How to select the text behind an element?


I have the following xmllint example selecting an element:

$ curl -s http://lists.opencsw.org/pipermail/users/2015-January/date.html |
xmllint --html --xpath '/html/body/p/b[contains(., "Messages:")]' -
<b>Messages:</b>

Behind the bold element is the number of messages I am interested in. It is shown, when I use the parent axis:

$ curl -s http://lists.opencsw.org/pipermail/users/2015-January/date.html |
xmllint --html --xpath '/html/body/p/b[contains(., "Messages:")]/parent::*' -
<p><b>Starting:</b> <i>Thu Jan  1 23:17:09 CET 2015</i><br><b>Ending:</b> <i>Sat Jan 31 14:51:07 CET 2015</i><br><b>Messages:</b> 28</p>

I thought that the following-sibling axis might give me exactly this number, but it does not do so:

$ curl -s http://lists.opencsw.org/pipermail/users/2015-January/date.html |
xmllint --html --xpath '/html/body/p/b[contains(., "Messages:")]/following-sibling::*' -
XPath set is empty

Solution

  • This text node you are after is indeed a following sibling, but it's a text node, not an element node.

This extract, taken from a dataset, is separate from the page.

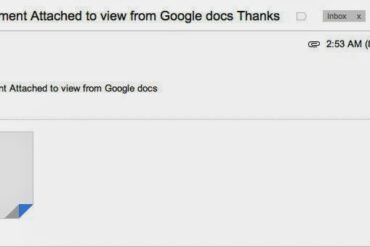 Email Phishing Scheme: You have new document Attached to view from Google docs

An expression like

    following-sibling::*
    

    Only looks for following siblings that are elements. To match text nodes, use text():

    $ curl -s http://lists.opencsw.org/pipermail/users/2015-January/date.html |
    xmllint --html --xpath '/html/body/p/b[contains(., "Messages:")]/following-sibling::text()'
    

    The commands above do not work on my computer, using bash on Mac OS X - but I trust it works for you. If I first save the result from curl and then use

    $ xmllint example.html --html --xpath '/html/body/p/b[contains(., "Messages:")]/following-sibling::text()'
    

    The result is _28. That's not really an underscore, but a whitespace that I wanted to point to. To remove the leading whitespace, use

    $ xmllint example.html --html --xpath 'normalize-space(/html/body/p/b[contains(., "Messages:")]/following-sibling::text())'
    

    And no, using regex is not really an option.